-- WHAT THE TASK ASKS --
Only the lines from the one containing "St Patrick’S Day" through the one containing "Peugeot 2008 steering" should be printed, exactly as they appear below, with both ends included.

————————

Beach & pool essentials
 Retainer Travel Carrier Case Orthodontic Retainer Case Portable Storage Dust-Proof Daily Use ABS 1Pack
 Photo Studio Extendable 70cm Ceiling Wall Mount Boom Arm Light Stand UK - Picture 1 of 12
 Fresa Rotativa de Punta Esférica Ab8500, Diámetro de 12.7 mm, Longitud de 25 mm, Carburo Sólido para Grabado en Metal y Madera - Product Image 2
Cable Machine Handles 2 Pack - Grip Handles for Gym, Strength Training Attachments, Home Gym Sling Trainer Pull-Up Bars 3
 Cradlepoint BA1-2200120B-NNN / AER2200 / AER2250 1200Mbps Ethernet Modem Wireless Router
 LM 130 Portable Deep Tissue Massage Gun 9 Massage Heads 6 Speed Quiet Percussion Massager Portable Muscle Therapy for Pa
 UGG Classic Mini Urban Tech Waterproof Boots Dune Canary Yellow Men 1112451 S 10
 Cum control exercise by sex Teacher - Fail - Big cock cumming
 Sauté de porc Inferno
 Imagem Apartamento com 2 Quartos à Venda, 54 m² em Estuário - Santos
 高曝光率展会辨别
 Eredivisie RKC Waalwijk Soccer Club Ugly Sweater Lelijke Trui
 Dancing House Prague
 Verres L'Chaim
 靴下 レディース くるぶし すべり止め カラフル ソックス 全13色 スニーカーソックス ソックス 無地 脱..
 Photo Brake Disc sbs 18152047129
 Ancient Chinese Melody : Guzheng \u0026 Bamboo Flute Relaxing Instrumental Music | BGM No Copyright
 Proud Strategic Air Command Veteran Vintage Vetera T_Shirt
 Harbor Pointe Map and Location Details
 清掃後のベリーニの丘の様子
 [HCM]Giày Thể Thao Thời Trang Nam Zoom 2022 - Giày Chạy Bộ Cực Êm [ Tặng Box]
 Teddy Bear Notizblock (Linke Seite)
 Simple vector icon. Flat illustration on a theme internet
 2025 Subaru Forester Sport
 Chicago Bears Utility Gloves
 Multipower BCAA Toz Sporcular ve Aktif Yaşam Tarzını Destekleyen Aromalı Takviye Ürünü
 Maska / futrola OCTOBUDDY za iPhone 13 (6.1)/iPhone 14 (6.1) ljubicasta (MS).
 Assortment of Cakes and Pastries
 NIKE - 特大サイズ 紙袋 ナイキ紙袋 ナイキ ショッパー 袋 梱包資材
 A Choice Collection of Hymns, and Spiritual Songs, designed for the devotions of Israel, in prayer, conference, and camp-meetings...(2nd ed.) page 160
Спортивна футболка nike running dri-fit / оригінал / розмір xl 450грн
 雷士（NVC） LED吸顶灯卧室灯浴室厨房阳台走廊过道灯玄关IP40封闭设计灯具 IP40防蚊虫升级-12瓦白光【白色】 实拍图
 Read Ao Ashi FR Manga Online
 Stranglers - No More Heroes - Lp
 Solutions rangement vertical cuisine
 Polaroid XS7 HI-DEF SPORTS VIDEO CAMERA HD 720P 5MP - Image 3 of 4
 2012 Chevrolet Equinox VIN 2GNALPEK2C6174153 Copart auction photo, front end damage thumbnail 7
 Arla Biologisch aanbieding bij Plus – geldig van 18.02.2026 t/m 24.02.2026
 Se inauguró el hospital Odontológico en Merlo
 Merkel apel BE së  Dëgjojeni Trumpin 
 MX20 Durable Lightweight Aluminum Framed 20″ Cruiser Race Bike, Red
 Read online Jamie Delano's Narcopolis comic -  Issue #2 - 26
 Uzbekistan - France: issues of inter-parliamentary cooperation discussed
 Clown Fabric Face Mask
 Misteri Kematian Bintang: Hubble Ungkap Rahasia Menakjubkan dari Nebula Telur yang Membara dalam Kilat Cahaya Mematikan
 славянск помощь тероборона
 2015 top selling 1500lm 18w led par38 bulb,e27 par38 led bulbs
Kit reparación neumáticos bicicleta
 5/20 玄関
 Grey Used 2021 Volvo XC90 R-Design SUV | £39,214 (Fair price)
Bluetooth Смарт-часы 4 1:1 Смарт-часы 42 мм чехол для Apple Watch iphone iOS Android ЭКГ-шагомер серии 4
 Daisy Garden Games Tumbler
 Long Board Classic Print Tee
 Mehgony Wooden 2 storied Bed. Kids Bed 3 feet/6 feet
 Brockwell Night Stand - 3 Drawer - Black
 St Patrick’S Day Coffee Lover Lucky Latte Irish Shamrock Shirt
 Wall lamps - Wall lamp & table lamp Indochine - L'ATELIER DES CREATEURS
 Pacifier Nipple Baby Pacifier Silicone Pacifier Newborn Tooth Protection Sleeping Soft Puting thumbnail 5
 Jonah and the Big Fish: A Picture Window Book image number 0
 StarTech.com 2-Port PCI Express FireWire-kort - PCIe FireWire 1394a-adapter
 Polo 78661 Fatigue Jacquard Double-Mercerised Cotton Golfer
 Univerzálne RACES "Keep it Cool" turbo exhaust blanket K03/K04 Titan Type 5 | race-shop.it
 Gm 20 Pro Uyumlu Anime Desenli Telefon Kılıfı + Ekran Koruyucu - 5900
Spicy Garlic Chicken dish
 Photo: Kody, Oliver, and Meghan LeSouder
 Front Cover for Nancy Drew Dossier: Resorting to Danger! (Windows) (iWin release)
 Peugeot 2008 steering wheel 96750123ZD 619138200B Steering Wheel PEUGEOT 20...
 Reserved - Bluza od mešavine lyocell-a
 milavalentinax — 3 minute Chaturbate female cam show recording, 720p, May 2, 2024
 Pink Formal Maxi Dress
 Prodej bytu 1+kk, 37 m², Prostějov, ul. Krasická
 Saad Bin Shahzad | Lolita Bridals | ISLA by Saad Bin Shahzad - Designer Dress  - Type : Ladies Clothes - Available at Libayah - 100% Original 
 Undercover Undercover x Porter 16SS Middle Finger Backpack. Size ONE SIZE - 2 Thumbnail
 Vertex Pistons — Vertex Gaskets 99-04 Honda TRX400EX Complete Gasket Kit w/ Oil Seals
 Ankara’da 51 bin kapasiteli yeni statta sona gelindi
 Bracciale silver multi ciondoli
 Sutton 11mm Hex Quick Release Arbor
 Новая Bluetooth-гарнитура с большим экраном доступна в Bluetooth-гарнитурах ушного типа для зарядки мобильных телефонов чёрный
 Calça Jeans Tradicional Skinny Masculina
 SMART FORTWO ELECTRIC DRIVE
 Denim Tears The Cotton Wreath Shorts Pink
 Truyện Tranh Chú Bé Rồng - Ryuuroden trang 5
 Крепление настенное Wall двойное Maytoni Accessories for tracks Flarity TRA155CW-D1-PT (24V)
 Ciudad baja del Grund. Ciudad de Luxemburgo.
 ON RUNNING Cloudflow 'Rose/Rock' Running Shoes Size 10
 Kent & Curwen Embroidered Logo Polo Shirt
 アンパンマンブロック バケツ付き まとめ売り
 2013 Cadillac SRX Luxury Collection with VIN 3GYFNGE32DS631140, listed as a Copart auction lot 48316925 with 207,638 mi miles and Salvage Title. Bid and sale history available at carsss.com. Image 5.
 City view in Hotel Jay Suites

————————

-- SOLUTION TO THIS PROBLEM --
 St Patrick’S Day Coffee Lover Lucky Latte Irish Shamrock Shirt
 Wall lamps - Wall lamp & table lamp Indochine - L'ATELIER DES CREATEURS
 Pacifier Nipple Baby Pacifier Silicone Pacifier Newborn Tooth Protection Sleeping Soft Puting thumbnail 5
 Jonah and the Big Fish: A Picture Window Book image number 0
 StarTech.com 2-Port PCI Express FireWire-kort - PCIe FireWire 1394a-adapter
 Polo 78661 Fatigue Jacquard Double-Mercerised Cotton Golfer
 Univerzálne RACES "Keep it Cool" turbo exhaust blanket K03/K04 Titan Type 5 | race-shop.it
 Gm 20 Pro Uyumlu Anime Desenli Telefon Kılıfı + Ekran Koruyucu - 5900
Spicy Garlic Chicken dish
 Photo: Kody, Oliver, and Meghan LeSouder
 Front Cover for Nancy Drew Dossier: Resorting to Danger! (Windows) (iWin release)
 Peugeot 2008 steering wheel 96750123ZD 619138200B Steering Wheel PEUGEOT 20...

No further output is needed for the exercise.